• _Your instructions_:
Search the lines of the records for the word "settings", and copy every line that has it.

|---|

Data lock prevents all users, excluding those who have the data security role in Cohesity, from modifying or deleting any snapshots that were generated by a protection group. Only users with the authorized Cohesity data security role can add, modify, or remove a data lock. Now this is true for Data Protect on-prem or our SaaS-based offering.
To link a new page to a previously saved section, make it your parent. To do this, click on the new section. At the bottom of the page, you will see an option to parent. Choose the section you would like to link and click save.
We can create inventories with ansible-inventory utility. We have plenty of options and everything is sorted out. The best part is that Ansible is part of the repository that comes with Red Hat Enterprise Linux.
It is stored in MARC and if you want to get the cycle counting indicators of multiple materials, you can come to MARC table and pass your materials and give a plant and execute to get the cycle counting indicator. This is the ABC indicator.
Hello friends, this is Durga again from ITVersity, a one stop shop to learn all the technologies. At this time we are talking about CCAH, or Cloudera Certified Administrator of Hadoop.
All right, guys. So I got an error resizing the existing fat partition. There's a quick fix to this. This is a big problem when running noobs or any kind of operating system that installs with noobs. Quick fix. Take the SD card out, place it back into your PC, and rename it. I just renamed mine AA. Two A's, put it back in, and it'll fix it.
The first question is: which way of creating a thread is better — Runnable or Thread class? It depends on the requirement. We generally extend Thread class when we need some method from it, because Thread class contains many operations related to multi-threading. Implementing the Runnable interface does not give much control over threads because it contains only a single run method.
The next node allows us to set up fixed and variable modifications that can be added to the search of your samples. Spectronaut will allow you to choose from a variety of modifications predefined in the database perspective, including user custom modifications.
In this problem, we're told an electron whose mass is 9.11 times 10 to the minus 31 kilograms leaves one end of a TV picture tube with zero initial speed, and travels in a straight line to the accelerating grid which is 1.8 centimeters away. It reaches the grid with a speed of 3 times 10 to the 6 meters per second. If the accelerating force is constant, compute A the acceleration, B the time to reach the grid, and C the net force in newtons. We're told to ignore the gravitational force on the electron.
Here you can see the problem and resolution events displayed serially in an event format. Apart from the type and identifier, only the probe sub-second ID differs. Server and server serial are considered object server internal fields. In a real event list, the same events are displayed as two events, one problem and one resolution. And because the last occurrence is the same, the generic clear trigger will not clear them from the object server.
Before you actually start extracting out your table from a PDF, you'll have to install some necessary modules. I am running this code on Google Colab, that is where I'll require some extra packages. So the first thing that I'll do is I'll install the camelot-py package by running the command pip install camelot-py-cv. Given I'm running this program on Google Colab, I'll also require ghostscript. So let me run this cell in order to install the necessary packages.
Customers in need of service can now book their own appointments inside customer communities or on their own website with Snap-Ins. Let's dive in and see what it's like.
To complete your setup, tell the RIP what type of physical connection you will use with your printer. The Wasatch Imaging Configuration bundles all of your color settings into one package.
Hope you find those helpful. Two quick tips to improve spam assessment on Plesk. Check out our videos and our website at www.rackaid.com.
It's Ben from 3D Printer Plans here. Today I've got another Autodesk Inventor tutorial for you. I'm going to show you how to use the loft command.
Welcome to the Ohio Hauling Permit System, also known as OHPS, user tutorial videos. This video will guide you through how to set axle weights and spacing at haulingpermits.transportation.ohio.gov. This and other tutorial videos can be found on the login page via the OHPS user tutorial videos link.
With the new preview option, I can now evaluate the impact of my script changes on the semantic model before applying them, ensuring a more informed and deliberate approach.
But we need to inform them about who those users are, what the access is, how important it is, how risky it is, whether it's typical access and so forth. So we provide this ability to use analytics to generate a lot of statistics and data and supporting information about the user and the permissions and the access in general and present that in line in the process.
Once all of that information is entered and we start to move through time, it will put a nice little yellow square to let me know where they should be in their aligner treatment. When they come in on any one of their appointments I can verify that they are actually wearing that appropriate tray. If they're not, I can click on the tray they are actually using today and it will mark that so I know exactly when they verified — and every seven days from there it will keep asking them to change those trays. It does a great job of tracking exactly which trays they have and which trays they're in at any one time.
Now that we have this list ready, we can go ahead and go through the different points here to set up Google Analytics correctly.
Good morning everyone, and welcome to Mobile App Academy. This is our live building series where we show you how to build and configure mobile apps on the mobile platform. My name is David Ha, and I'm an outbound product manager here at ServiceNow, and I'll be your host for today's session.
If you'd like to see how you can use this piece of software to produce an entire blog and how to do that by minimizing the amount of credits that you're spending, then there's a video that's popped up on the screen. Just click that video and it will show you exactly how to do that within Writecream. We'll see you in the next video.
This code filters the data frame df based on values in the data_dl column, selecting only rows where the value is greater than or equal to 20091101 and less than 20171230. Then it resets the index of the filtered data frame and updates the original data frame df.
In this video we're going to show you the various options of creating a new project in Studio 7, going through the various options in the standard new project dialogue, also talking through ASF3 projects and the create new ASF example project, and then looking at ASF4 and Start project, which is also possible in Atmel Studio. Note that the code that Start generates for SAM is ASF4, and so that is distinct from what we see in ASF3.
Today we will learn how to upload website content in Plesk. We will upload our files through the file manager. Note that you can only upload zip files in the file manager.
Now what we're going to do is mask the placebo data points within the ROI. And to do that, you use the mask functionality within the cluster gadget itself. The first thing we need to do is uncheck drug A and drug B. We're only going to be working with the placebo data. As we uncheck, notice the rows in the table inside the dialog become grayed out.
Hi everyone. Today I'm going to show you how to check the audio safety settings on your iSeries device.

|---|

• _Exercise answer_:
To complete your setup, tell the RIP what type of physical connection you will use with your printer. The Wasatch Imaging Configuration bundles all of your color settings into one package.
Hi everyone. Today I'm going to show you how to check the audio safety settings on your iSeries device.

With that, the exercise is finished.